#### [Your objective]
From the line containing "शाहगंज में खून" to the last line of the records below, repeat every line exactly and add nothing else.

****

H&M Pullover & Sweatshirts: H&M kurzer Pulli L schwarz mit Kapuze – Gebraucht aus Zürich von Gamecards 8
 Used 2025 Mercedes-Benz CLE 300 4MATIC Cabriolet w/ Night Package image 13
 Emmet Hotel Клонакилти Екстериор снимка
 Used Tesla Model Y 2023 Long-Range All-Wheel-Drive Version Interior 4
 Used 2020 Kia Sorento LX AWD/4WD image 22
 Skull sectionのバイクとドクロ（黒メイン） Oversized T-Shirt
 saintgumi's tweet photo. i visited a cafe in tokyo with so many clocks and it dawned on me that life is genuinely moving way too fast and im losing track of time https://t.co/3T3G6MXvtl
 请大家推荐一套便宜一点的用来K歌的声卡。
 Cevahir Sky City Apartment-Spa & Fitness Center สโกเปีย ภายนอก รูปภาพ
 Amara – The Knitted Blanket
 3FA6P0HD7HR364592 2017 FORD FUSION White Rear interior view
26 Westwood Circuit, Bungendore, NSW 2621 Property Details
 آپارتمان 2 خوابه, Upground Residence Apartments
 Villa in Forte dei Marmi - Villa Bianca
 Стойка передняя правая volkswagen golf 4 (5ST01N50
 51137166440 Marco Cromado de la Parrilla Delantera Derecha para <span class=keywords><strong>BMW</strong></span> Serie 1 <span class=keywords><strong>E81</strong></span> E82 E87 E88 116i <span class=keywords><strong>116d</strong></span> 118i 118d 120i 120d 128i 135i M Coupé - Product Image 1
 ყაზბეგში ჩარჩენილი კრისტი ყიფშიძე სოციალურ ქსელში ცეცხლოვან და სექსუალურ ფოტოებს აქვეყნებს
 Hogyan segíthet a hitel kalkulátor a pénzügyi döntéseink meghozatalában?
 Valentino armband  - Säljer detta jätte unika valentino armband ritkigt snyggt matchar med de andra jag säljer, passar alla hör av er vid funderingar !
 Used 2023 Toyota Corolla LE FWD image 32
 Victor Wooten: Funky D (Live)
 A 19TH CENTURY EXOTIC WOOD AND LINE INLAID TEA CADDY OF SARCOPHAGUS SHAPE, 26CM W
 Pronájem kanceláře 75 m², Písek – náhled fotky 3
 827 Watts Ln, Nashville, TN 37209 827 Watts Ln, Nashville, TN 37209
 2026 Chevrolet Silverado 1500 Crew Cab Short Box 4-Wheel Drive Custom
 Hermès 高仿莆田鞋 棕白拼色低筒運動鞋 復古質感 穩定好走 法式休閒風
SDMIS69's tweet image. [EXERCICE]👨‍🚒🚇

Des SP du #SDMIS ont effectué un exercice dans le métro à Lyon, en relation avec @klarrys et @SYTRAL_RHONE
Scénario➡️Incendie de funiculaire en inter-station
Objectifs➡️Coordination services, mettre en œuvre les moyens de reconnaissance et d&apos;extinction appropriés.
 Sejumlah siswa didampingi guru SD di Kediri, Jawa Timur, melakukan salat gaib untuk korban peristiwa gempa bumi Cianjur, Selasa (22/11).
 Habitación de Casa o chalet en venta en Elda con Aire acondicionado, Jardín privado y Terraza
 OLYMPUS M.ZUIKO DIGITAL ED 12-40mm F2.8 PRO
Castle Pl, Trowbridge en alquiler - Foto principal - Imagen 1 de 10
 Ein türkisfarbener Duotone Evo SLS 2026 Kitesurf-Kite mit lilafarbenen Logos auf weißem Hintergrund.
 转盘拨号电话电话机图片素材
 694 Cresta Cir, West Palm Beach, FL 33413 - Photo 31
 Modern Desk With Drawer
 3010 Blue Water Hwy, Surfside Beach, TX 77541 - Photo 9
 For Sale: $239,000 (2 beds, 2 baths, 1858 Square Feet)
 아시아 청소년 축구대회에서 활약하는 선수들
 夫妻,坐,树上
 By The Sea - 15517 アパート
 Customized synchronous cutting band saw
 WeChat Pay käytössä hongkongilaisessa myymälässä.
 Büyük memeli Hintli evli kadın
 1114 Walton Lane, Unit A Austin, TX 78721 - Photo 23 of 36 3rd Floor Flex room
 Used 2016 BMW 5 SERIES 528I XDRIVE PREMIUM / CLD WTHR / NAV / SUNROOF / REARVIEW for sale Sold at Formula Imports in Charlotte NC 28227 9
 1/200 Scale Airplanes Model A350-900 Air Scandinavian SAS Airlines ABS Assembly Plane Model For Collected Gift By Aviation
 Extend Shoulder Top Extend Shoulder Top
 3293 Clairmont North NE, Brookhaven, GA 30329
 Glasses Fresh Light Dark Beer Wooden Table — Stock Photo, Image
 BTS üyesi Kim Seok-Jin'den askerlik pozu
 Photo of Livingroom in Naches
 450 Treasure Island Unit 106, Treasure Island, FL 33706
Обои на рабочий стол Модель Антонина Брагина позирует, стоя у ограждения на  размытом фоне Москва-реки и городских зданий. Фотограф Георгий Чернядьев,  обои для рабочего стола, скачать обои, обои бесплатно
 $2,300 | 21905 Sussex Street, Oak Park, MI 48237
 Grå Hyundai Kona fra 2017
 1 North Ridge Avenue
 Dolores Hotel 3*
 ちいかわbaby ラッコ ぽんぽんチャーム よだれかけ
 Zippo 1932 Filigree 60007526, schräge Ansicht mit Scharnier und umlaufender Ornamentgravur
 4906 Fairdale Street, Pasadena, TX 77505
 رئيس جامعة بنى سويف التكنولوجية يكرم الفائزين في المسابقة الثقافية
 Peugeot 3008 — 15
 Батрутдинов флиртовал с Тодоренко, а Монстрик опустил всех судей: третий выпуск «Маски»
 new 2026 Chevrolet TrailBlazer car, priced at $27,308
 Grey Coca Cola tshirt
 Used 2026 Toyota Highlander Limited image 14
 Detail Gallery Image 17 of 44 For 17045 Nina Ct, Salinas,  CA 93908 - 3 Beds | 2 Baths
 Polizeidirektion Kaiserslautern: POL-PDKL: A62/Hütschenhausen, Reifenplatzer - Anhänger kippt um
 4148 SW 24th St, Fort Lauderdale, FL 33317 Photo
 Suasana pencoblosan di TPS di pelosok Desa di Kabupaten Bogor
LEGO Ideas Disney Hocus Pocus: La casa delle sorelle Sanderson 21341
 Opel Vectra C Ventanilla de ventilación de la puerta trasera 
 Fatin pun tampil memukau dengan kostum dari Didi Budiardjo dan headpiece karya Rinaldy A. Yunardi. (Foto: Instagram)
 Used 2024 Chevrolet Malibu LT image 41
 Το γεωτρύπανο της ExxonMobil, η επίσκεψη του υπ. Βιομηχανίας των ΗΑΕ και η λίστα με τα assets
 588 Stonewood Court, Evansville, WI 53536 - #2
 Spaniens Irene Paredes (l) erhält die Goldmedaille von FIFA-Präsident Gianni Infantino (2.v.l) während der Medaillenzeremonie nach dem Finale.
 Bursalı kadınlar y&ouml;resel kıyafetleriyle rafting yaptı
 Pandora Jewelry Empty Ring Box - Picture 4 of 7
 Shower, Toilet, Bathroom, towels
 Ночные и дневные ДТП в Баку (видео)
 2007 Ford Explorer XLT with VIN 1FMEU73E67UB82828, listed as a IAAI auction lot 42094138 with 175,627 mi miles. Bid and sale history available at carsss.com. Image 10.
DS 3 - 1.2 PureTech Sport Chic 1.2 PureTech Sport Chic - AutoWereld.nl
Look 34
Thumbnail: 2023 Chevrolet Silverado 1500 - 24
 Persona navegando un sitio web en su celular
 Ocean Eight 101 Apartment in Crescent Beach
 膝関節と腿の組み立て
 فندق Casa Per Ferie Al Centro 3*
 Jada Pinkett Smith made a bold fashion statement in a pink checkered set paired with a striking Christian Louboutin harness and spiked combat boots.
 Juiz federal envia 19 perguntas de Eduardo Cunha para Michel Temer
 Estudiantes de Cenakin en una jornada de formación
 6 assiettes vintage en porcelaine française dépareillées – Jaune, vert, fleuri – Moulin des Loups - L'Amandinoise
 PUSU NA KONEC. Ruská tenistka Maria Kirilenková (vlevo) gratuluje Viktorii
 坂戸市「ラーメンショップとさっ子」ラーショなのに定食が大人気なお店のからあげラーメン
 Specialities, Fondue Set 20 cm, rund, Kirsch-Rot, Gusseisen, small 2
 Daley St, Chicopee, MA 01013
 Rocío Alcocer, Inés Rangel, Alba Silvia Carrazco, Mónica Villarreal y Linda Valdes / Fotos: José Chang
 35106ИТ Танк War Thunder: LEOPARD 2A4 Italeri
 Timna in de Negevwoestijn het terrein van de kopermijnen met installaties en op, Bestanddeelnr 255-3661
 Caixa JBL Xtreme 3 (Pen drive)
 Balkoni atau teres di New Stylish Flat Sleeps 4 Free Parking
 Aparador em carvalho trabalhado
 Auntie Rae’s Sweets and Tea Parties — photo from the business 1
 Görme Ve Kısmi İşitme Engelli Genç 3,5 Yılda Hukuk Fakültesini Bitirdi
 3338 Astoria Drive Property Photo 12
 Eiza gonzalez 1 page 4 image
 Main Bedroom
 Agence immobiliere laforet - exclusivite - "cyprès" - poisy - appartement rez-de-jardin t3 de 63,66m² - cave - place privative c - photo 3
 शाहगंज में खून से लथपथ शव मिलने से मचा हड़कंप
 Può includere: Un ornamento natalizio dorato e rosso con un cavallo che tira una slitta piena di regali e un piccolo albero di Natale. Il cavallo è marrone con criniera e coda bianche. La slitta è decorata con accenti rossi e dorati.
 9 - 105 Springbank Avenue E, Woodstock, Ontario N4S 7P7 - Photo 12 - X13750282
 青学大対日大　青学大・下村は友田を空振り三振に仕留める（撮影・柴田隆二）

****

#### [Response]
 शाहगंज में खून से लथपथ शव मिलने से मचा हड़कंप
 Può includere: Un ornamento natalizio dorato e rosso con un cavallo che tira una slitta piena di regali e un piccolo albero di Natale. Il cavallo è marrone con criniera e coda bianche. La slitta è decorata con accenti rossi e dorati.
 9 - 105 Springbank Avenue E, Woodstock, Ontario N4S 7P7 - Photo 12 - X13750282
 青学大対日大　青学大・下村は友田を空振り三振に仕留める（撮影・柴田隆二）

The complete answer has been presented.